It’s Astoria’s turn to voice their concerns about the MTA’s Queens bus redesign proposed plan.

Assemblywoman Aravella Simotas, Senator Jessica Ramos and Community Board 1 will host a feedback session on Friday, Jan. 31. An MTA representative will also be in attendance.

Although the current MTA bus redesign plan is far from complete — they’re currently in the outreach portion of the plan and will have a final proposed plan ready in the spring — Queens residents and lawmakers want to hold the transit agency accountable.

“Northwest Queens cannot afford any cuts in transportation service,” Simotas told QNS. “Our subway stations are not accessible to a significant portion of our community which is why an efficient bus network is vital to our neighborhood.”

The MTA’s redesign plan is an extensive one, but residents can see the full proposed plan on their website at www.new.mta.info/queensbusredesign, as well as a breakdown of each proposed route on their route profiles and use their interactive map (Remix) to see the changes and leave comments.

Some of the changes to Astoria’s bus network include efficient connections to Brooklyn neighborhoods like Williamsburg and Greenpoint, and the combination of bus lines to make one route. In the proposed plan, the MTA uses “QT” before the new bus route numbers in order to facilitate the conversation.
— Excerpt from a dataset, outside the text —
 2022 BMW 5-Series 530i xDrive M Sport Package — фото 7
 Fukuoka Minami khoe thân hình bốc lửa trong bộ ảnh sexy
The following are highlights of the proposed bus routes within Astoria:

  • QT61: This route was previously the Q47 and Q60. The QT61 will run along the Midtown-East Elmhurst route, the purpose of which is to link neighborhoods, key transit connections, and important destinations. It operates between East Elmhurst/100 St-23 Ave and Columbus Circle. Weekday headway is estimated to be 12 minutes or better.
  • QT69: This route will remain the same, Q69, but will replace the Q103. The QT69 will run along the 21st Street route, the purpose of which is to serve high demand corridors, and to connect quickly across the city. It operates between Jackson Heights/82 St-Astoria Blvd and Hunters Point South/54 Ave. Weekday headway is estimated to be eight minutes or better.
  • QT80: This route was previously the Q18 and Q39.  The QT80 will run along the Astoria-Ridgewood route, the purpose of which is to link neighborhoods, key transit connections, and important destinations. It operates between Astoria/27 Ave-2 St and Ridgewood Terminal. Weekday headway is estimated to be 20 minutes or better.

The following are highlights of the proposed bus routes from Brooklyn to Astoria:

  • QT76: This route was previously the Q101 and B62. The QT76 is proposed to cross the Kosciuszko Bridge to connect Steinway, Astoria, Sunnyside, and Williamsburg.
  • QT1: This route was previously the Q100 and B62. The QT1 is proposed to cross the Pulaski Bridge to connect Astoria, Long Island City, Greenpoint, Williamsburg, The Brooklyn Navy Yard, and Downtown Brooklyn.
  • QT2: This route was previously the Q101 and B24. The QT2 is proposed to cross the Kosciuszko Bridge to connect Steinway, Astoria, Sunnyside, and Williamsburg.

But some Astorians have already expressed concerns about the increase in headway (wait time) as well as the elimination of bus lines, such as the Q18 (which serves Astoria and Ridgewood), the Q60 (which runs along Queens Boulevard and into Midtown East) and the Q103 (which serves Astoria via Vernon Blvd.).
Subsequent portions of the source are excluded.